National Co-Chair of the Socialist Party USA
- In office October 10, 2009 – October 26, 2013 Serving with See list Andrea Pason (2009-2011) Stephanie Cholensky (2011-2013);
- Preceded by: Jerry Levy
- Succeeded by: Mimi Soltysik

Personal details
- Born: May 5, 1969 (age 56) Pelham Bay, The Bronx, New York City, United States
- Party: Unaffiliated
- Other political affiliations: Socialist
- Occupation: Adult educator, political writer, activist

= Billy Wharton =

American democratic socialist activist and former co-chair of the Socialist Party USA

Billy Wharton (born May 5, 1969) is an adult educator, American democratic socialist activist and former co-chair of the Socialist Party USA. Wharton is best known for his March 15, 2009 article entitled "Obama's No Socialist. I Should Know." In it, he sought to debunk right-wing commentators who claimed that President Barack Obama was a secret socialist. Wharton wrote: "The funny thing is, of course, that socialists know that Barack Obama is not one of us. Not only is he not a socialist, he may in fact not even be a liberal. Socialists understand him more as a hedge-fund Democrat."

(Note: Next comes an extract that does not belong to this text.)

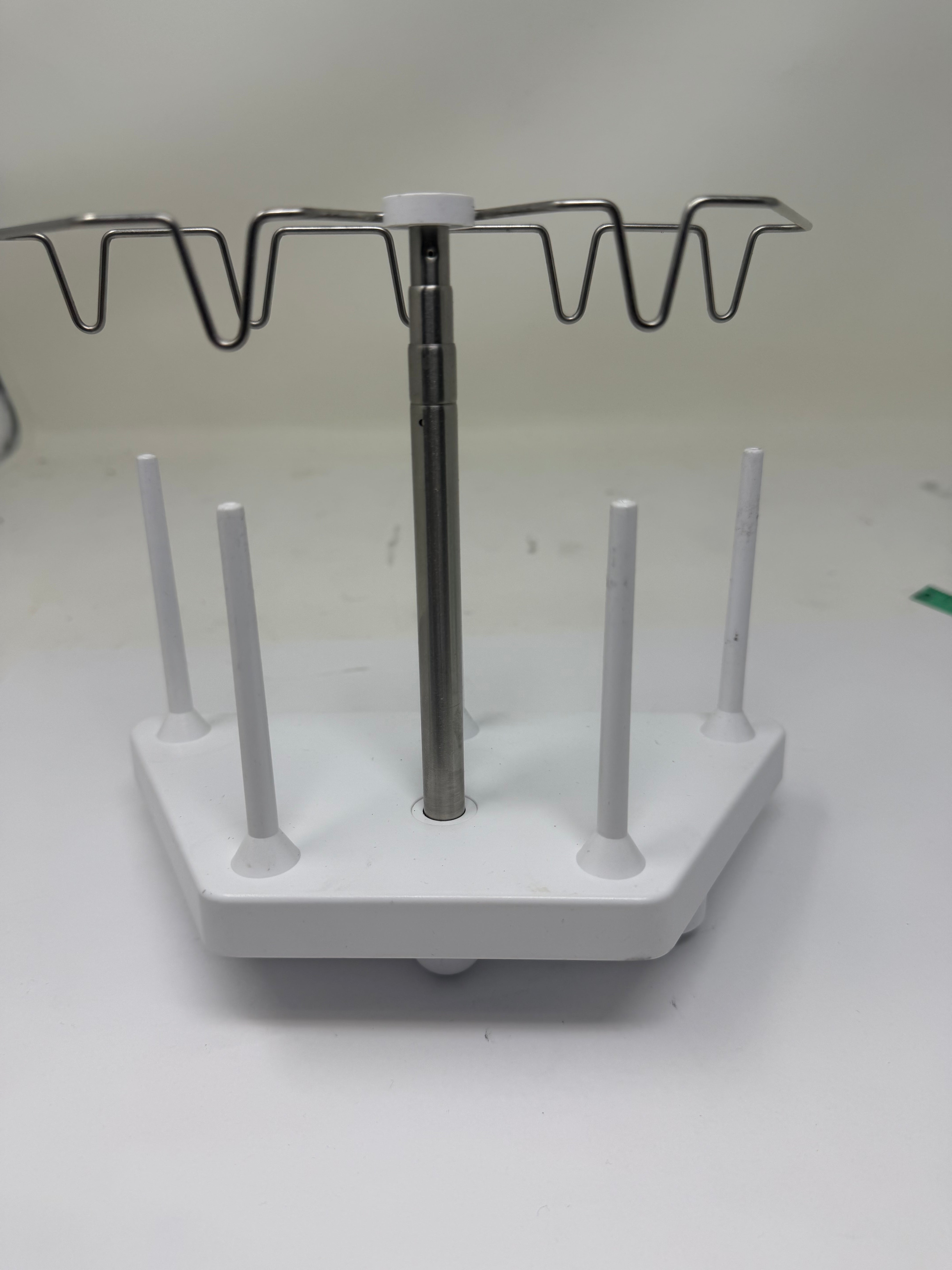 Thread Stand Complete, Pfaff Coverlock 4.0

The article led to increased media attention that resulted in multiple appearances on Fox Business News and a series of radio interviews including a segment on the CBC. Since then, Wharton's articles have consistently been published in on-line left-wing publications such as "Counterpunch," the "MRZine," "Dissident Voice," "In These Times," "Counter Currents" and "The Indypendent."